— Records contained in a dataset —
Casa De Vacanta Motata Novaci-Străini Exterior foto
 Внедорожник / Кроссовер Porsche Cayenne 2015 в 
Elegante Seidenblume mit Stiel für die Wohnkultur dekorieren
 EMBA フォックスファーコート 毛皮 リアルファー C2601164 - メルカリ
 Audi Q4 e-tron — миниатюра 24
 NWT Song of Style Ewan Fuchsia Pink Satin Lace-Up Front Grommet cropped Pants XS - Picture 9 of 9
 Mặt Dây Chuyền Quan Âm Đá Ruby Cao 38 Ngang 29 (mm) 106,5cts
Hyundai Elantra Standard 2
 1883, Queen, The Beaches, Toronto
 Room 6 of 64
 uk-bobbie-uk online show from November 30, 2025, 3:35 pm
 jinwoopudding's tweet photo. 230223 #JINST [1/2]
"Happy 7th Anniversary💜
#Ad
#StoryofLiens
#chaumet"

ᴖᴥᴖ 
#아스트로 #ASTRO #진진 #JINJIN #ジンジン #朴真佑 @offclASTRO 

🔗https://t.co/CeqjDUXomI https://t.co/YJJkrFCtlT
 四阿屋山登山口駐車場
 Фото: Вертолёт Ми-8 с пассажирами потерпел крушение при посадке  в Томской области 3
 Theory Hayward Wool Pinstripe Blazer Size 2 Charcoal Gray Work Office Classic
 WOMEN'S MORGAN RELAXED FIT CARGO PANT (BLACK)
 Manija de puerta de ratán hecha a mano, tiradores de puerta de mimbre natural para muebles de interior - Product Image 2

— What you should do —
Your response should consist solely of the lines from the one containing "#StoryofLiens" to the end of the entries, both ends included, exactly as they appear.

— Solution for this exercise —
#StoryofLiens
#chaumet"

ᴖᴥᴖ 
#아스트로 #ASTRO #진진 #JINJIN #ジンジン #朴真佑 @offclASTRO 

🔗https://t.co/CeqjDUXomI https://t.co/YJJkrFCtlT
 四阿屋山登山口駐車場
 Фото: Вертолёт Ми-8 с пассажирами потерпел крушение при посадке  в Томской области 3
 Theory Hayward Wool Pinstripe Blazer Size 2 Charcoal Gray Work Office Classic
 WOMEN'S MORGAN RELAXED FIT CARGO PANT (BLACK)
 Manija de puerta de ratán hecha a mano, tiradores de puerta de mimbre natural para muebles de interior - Product Image 2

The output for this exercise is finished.